Cédric O’Neill, fondateur de Bricks, juin 2026
Pourquoi la pierre tempère un patrimoine
L’arrivée de Bricks dans la banque intéresse surtout ceux qui veulent rééquilibrer un portefeuille trop exposé aux actifs numériques. L’immobilier joue le rôle de stabilisateur que la crypto, par nature volatile, peine à offrir. Le tableau ci-dessous résume ce que chaque classe d’actifs apporte vraiment.
| Critère | Cryptomonnaies | Immobilier |
|---|---|---|
| Volatilité | Très élevée | Faible à modérée |
| Potentiel de gain | Spectaculaire | Plus mesuré |
| Ticket d’entrée | Quelques euros | Dès 10 € via Bricks |
| Liquidité | Immédiate | Plus lente |
La lecture est limpide : la pierre ne promet pas les envolées d’un cycle haussier crypto, mais elle amortit les chocs quand les marchés numériques dévissent. Adosser une part de son patrimoine à l’immobilier revient à glisser un socle régulier sous des paris plus nerveux. C’est précisément ce confort que Bricks cherche à rendre accessible au plus grand nombre.

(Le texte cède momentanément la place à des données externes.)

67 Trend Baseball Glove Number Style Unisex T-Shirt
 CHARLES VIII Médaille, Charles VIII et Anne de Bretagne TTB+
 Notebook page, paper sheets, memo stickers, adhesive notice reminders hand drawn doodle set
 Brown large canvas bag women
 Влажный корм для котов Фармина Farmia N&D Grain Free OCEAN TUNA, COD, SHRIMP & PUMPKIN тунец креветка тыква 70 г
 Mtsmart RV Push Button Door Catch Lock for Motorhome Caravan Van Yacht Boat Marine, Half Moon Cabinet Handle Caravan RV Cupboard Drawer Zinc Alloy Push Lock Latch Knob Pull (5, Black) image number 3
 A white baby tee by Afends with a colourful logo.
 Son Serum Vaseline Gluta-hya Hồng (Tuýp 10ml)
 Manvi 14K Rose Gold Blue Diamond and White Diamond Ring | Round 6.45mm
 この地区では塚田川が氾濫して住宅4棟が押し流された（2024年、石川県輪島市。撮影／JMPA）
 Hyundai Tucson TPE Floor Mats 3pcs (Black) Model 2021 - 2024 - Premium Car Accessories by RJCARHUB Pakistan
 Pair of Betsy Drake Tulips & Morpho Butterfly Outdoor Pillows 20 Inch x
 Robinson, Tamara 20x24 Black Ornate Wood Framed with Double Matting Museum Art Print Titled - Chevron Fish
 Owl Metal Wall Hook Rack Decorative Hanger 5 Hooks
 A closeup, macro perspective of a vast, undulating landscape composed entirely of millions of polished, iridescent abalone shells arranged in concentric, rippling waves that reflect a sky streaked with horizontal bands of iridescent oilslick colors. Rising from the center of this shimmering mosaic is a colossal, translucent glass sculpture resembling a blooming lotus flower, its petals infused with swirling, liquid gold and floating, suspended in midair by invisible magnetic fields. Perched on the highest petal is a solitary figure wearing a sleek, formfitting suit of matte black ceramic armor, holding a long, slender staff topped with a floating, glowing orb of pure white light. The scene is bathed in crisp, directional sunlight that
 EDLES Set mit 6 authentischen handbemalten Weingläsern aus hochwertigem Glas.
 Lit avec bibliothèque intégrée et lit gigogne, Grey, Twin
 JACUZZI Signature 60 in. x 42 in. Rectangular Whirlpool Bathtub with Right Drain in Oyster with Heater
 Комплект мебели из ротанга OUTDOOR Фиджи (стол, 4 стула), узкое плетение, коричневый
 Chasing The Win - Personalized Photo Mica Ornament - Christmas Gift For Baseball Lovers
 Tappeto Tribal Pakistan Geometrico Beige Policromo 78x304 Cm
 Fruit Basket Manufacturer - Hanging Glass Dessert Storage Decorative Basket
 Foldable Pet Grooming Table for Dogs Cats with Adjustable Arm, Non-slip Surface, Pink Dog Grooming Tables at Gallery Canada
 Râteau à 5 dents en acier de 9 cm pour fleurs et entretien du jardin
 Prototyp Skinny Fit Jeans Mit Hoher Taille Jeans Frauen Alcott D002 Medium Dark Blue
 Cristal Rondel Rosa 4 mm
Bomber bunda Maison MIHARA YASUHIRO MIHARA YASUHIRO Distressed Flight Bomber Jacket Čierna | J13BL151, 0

Ce que cette mue dit du patrimoine immobilier
Le pari de Bricks dépasse le seul sort d’une entreprise. Il illustre une tendance de fond : l’immobilier se numérise, s’ouvre aux petits montants et se rapproche des outils du quotidien, là où il restait réservé à ceux qui pouvaient acheter un bien entier. La frontière entre placer et bancariser son patrimoine devient plus floue.
Reste une question de tempo. Racheter une banque prend du temps, exige des autorisations et une intégration délicate, et le marché jugera sur les actes davantage que sur les annonces. Pour qui observe la pierre comme un contrepoids aux actifs volatils, cette mue mérite d’être suivie de près dans les mois qui viennent, sans précipitation. L’ambition d’unir investissement, revenus et services bancaires dans une même application dessine une autre façon de bâtir un patrimoine, où la régularité de l’immobilier vient compléter, plutôt que remplacer, l’appétit de rendement nourri par les marchés numériques.